Precision-Recall Below plot displays the Precision and Recall of the POPULAR and UBCF Model, We are looking for higher recall with maximum precision, and to our surprise POPULAR (Popular items/Business in our case) MODEL is doing well compare to UBCF. It could be due to the SAMPLE size.

as_data_frame(error) %>% ggplot(aes(recall, precision, color = Type)) + geom_line() + 
    geom_label(aes(label = TopN)) + labs(title = "Precision-Recall for Top N", 
    colour = "Model") + theme_grey(base_size = 14) + theme(axis.text.x = element_text(angle = 70, 
    hjust = 1))
FALSE Warning: `as_data_frame()` is deprecated, use `as_tibble()` (but mind the new semantics).
FALSE This warning is displayed once per session.
FALSE geom_path: Each group consists of only one observation. Do you need to
FALSE adjust the group aesthetic?

** ROC Curve TPR vs FPR** Below Graph is showing the how much is TPR i.e TRUE Positive (Valid Item/business is getting recommended ,which are more likely to be visited by users) vs same amount of FPR i.e not a relevant recommendation . In this case Our focus is to find Max TPR for any given level of FPR.

as_data_frame(error) %>% ggplot(aes(FPR, TPR, color = Type)) + geom_line() + 
    geom_label(aes(label = TopN)) + labs(title = "ROC Curve / TPR vs FPR", colour = "Model") + 
    theme_grey(base_size = 14) + theme(axis.text.x = element_text(angle = 70, 
    hjust = 1))
FALSE geom_path: Each group consists of only one observation.
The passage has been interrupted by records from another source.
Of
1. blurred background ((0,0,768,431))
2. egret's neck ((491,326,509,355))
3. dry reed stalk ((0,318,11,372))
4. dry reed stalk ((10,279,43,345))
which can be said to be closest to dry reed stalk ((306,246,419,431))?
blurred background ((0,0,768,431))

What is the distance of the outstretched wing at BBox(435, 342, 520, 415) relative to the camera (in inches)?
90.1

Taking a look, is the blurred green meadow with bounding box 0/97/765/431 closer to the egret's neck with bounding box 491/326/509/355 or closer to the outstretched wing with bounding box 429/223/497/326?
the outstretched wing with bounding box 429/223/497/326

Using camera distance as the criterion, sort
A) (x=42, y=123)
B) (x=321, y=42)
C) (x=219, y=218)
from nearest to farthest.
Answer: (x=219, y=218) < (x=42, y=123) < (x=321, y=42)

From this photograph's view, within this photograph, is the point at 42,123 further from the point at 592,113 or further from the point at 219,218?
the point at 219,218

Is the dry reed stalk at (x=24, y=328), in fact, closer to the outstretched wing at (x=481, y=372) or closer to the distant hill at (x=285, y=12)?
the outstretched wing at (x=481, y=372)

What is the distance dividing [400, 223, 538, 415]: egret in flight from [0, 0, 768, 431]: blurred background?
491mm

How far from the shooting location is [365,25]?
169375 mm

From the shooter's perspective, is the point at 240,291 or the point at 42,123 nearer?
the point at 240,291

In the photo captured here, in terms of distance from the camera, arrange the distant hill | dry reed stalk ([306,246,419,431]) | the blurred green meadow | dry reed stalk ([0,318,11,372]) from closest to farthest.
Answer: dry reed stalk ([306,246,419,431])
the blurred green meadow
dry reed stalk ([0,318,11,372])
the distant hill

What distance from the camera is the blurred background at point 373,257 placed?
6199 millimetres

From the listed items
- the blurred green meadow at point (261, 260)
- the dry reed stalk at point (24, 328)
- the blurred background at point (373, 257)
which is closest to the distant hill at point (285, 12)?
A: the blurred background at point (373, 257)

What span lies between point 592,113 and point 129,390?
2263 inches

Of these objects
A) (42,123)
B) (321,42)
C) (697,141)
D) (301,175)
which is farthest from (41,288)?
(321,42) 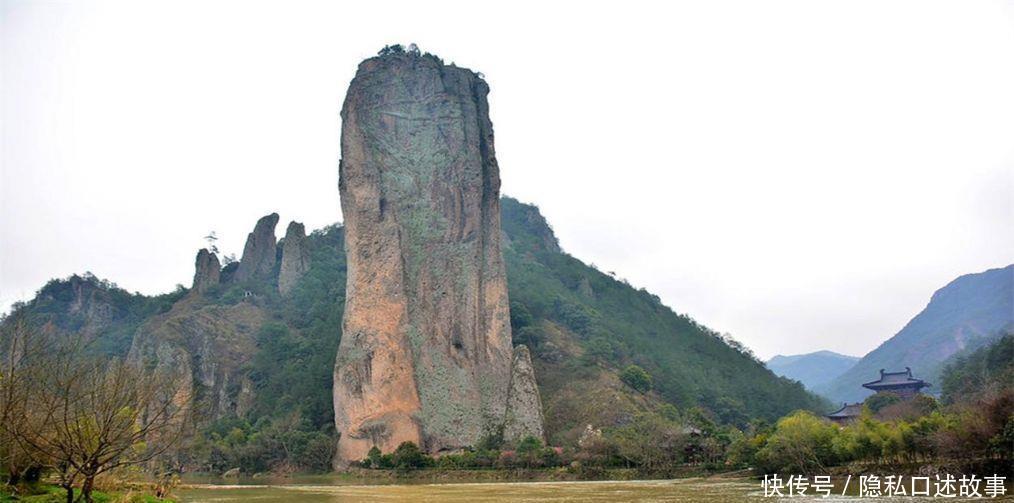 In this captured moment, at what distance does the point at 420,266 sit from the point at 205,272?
37.7m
Do you need to
FALSE adjust the group aesthetic?

Predictions For a New User

He we will build the persona of User by visiting to a Business (business_id)

Function to find top 10 Business for the Given Business.

# Predictions For a New User
REC_TOP_BUSINESS <- function(bus_id = "usAsSV36QmUej8--yvN-dg") {
  

# Generating a prediction with the best performing model. 

# Creating an user visiting to a business :
# # customer_visit <- c("usAsSV36QmUej8--yvN-dg", # Food, Grocery--Phoenix
#                      "PzOqRohWw7F7YEPBz6AubA", # Food, Bagels, Delis, Restaurants--Glendale Az
#                      "JxVGJ9Nly2FFIs_WpJvkug") # Pizza, Restaurants--Scottsdale

customer_visit <- c(bus_id)


# put this order in a format that recommenderlab accept: As shown below
# --5jkZ3-nUPZxUvtcbr8Uw --BlvDO_RG2yElKu9XA1_g -_JBgygYYD_UkuD-GVTp6A .....
#                      0                      0                      0 .....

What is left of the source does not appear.